Tick-borne rickettsial diseases continue to cause severe illness and death in otherwise healthy adults and children worldwide. The incidence rate of rickettsial diseases significantly increased in the past six years with case fatality rate as high as 10%. Patients with rickettsial diseases respond well to doxycycline if the antibiotics are administered early. However, doxycycline is not appropriate for patients in pregnancy or under age of 5 years old. Therefore, host-mechanisms based therapeutic interventions are urgently needed. Our long term goal is to study the key host molecules by which obligately intracellular bacteria, rickettsiae, evolve to establish their infection niche in mammalian host cells. These studies will provide insights into novel immune therapeutic interventions. The objectives of this proposal are to reveal the mechanisms by which R. australis subvert autophagy to facilitate infection in macrophages. The hypothesis to be tested in this proposal is that R. australis modulates and exploits Atg5-dependent autophagy to facilitate infection via inhibiting the maturation of autophagosomes and counteracting host immune controls in macrophages. We will evaluate the potential of autophagy inhibition as a therapeutic strategy against life-threatening rickettsial infection by interrupting the pathways involved in R. australis-induced Atg5-dependent autophagosomes. This project will study this hypothesis utilizing two linked specific aims. Aim 1 will determine the mechanisms by which R. australis induces and subverts Atg5-dependent autophagosomes for the benefit of their infection in macrophages. The role of ULK1 in regulating rickettsiae-induced autophagosomes will be investigated. We will study the involvement of MAVS/IRF7/ISG54 and GTPase Rab 25 in counteracting the antibacterial activity and supporting infection in macrophages. Aim 2 will evaluate the potential of autophagy inhibition as a therapeutic strategy against life-threatening rickettsial infection. We will employ the in vivo mouse model of rickettsial infection to investigate the potential of targeting Atg5 (+) autophagosomes as immune-therapeutic interventions by using specific inhibitors or stimulators of key molecules regulating autophagosomes. It is believed that completion of the specific aims of this proposal may provide novel insights into immuno- therapeutic strategies for treating fatal rickettsioses.
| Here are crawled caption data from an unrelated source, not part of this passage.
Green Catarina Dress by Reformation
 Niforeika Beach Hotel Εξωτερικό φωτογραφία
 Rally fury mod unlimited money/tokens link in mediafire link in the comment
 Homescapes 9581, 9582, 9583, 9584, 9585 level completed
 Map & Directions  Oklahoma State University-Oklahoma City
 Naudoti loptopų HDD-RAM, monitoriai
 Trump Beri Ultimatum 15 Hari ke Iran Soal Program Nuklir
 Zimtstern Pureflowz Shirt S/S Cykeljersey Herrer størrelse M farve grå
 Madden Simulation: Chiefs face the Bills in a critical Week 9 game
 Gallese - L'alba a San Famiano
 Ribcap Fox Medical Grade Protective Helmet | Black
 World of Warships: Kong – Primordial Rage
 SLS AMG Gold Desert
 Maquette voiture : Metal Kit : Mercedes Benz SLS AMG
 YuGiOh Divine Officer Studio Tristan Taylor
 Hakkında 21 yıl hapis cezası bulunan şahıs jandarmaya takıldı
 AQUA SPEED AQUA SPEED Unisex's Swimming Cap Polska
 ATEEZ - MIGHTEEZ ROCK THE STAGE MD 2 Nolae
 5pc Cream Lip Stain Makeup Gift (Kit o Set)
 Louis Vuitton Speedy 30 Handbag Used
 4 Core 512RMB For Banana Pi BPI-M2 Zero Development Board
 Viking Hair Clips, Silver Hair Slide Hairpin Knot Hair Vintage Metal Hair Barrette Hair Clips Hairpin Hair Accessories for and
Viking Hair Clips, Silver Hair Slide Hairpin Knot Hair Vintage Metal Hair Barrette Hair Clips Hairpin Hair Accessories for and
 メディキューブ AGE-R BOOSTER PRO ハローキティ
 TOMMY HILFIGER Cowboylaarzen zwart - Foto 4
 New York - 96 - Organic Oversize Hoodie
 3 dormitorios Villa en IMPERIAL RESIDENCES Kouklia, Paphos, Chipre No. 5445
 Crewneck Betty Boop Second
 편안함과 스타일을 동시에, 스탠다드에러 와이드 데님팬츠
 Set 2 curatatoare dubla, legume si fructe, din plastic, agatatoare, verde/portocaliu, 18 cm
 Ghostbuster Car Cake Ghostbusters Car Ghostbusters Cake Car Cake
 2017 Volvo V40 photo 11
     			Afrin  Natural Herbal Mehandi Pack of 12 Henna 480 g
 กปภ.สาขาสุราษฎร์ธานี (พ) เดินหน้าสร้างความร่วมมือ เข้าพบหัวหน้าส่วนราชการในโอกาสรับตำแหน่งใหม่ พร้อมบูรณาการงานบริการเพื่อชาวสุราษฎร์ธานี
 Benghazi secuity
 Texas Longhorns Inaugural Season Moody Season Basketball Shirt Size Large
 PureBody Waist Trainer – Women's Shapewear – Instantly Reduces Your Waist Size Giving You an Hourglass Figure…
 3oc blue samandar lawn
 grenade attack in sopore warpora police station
在健康的成年人中，tick传播的立克疾病继续引起严重的疾病和死亡， 全球儿童。在过去的六年中，立克疾病的发病率显着升高 病例死亡率高达10％。如果抗生素药 提早管理。但是，强力霉素不适用于怀孕或5岁以下的患者 年龄。因此，迫切需要基于宿主力学的治疗干预措施。我们的长期 目的是研究主要的细胞内细菌立克siae的关键宿主分子，以建立 他们在哺乳动物宿主细胞中的感染生态位。这些研究将提供有关新型免疫治疗的见解 干预措施。该提案的目标是揭示R. Australis颠覆的机制 自噬可促进巨噬细胞感染。该提议中要检验的假设是R。 澳大利亚调节和利用ATG5依赖性自噬，通过抑制成熟来促进感染 巨噬细胞中的自噬体和抵消宿主免疫控制。我们将评估 自噬抑制是一种通过中断威胁生命的立克感染的治疗策略 参与澳大利亚菌诱导的ATG5依赖性自噬体的途径。这个项目将研究这个 利用两个链接的特定目的的假设。 AIM 1将确定R.澳大利亚的机制 诱导和颠覆ATG5依赖性自噬体，以使其在巨噬细胞中的感染中受益。这 将研究ULK1在调节立克诱导的自噬体中的作用。我们将研究 MAVS/IRF7/ISG54和GTPASE RAB 25参与抗菌活性和 支持巨噬细胞感染。 AIM 2将评估自噬抑制作用作为治疗的潜力 防止威胁生命的立克感染的策略。我们将采用体内鼠标体模型 感染以研究靶向ATG5（+）自噬体为免疫治疗的潜力 通过使用调节自噬体的关键分子的特定抑制剂或刺激剂进行干预。这是 认为该提案的具体目的的完成可能会为免疫提供新的见解 治疗致命的立克毒素的治疗策略。